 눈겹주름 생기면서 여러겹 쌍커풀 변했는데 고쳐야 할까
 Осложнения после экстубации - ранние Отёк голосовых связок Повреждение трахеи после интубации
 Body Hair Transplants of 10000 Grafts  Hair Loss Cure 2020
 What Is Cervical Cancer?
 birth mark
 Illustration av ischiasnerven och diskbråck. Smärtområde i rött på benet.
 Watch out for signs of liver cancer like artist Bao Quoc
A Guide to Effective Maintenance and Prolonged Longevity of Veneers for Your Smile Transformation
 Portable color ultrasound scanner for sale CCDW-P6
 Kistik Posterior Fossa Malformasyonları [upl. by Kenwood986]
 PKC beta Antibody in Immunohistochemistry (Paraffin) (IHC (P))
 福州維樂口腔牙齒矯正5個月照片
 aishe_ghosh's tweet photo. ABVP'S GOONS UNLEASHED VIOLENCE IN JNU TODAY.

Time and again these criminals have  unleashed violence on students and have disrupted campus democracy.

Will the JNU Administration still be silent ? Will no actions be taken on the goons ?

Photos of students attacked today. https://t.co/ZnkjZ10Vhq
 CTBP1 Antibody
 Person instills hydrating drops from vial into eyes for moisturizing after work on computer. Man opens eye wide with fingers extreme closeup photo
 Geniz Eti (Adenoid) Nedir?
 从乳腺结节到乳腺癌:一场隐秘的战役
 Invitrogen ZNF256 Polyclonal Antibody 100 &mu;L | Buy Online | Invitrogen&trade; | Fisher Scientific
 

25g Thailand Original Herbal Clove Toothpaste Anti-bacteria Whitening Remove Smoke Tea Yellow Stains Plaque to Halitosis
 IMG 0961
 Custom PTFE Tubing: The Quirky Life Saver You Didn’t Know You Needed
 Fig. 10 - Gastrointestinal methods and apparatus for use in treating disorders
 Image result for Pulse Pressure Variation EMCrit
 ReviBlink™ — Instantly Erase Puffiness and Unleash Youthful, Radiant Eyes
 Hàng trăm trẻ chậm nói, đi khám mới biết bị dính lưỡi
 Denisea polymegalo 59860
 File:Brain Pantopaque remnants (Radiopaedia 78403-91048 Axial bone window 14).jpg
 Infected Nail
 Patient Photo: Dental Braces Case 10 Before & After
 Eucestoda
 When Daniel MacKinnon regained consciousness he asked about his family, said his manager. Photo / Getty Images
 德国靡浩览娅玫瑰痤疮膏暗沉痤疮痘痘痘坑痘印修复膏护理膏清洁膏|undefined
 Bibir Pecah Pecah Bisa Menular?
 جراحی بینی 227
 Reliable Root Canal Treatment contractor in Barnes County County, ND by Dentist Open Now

:::

Exercise directions: Within the data above, pick out all lines holding the word "Antibody".

Answer area:
 PKC beta Antibody in Immunohistochemistry (Paraffin) (IHC (P))
 CTBP1 Antibody
 Invitrogen ZNF256 Polyclonal Antibody 100 &mu;L | Buy Online | Invitrogen&trade; | Fisher Scientific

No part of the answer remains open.